Baseando-se nesse preceito, almeja-se constatar que só haverá a execução efetiva das normas ambientais quando o povo, alvo da normatização, tiver consciência da importância das suas atitudes perante o meio ambiente.
Cabe, ainda, destacar, que as normas de direito ambiental têm como objetivo básico a proteção do bem ambiental, bem maior, fundamental à sadia qualidade de vida e, por esta razão, constitui-se em direito do cidadão, mas também e principalmente, em um dever deste de protegê-lo: aí entra o papel da educação ambiental.

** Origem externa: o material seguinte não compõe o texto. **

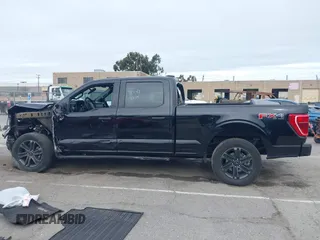 2022 Ford F-150 XL with VIN 1FTFW1E83NFB19601, listed as a IAAI auction lot 41723187 with 21,002 mi miles and . Bid and sale history available at carsss.com. Image 14.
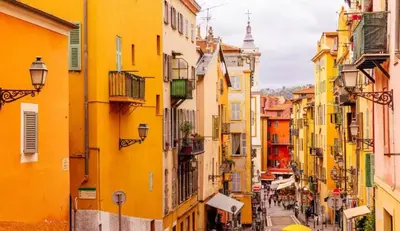 a street in an old town with yellow buildings at Sunny Old Town Studio in Nice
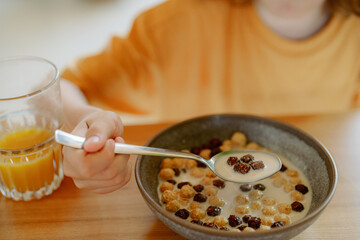 A child holds a spoon with cereal and milk while sitting at a wooden table. A glass of orange juice sits nearby, with sunlight streaming through the window creating a warm atmosphere.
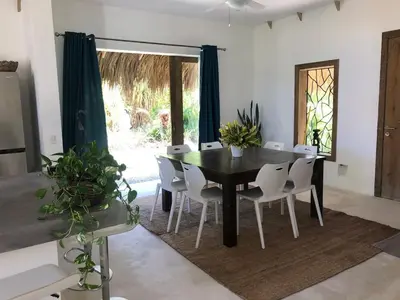 a dining room with a black table and white chairs at Beautiful Caribbean Villa Coson Beach in Las Terrenas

2. O saber histórico e o contexto atual à consciência ambiental:
A Constituição Federal de 1988 consagrou no art. 225 a proteção do meio ambiente. Este fato deve-se a evolução humana, de cunho estritamente individualista, característica esta, que não corresponde mais a realidade social de risco que os seres humanos vivem nos dias atuais.
Não só o bem ambiental foi consagrado pela Constituição Federal como fundamental, mas também, tornou-se obrigatória a promoção da educação ambiental em todos os níveis de ensino e a conscientização pública para a preservação do meio ambiente.[1] Isso demonstra a ampla visão do legislador, pois este compreendeu, que sem a educação ambiental não se chegará a efetivação da legislação ambiental, que tem como pressuposto principal a proteção do Meio ambiente, ou seja, para que haja a efetiva proteção, a população tem de estar preparada para um agir ambientalmente correto, indo de encontro aos parâmetros antropocêntricos que sempre foram impostos.
Passa-se a analisar brevemente a evolução humana e a descrever a sociedade atual.
2.1. Breve reflexão do contexto da evolução humana:
A degradação ambiental gerada pelo homem vem desde sua história na Terra. A natureza vinha compensando os danos a ela causados, porque apesar de usufruir da natureza, o homem não afetava o seu equilíbrio. Vivia na sua comunidade e utilizava os recursos naturais para sua manutenção, não acarretando, portanto, malefícios ao sistema.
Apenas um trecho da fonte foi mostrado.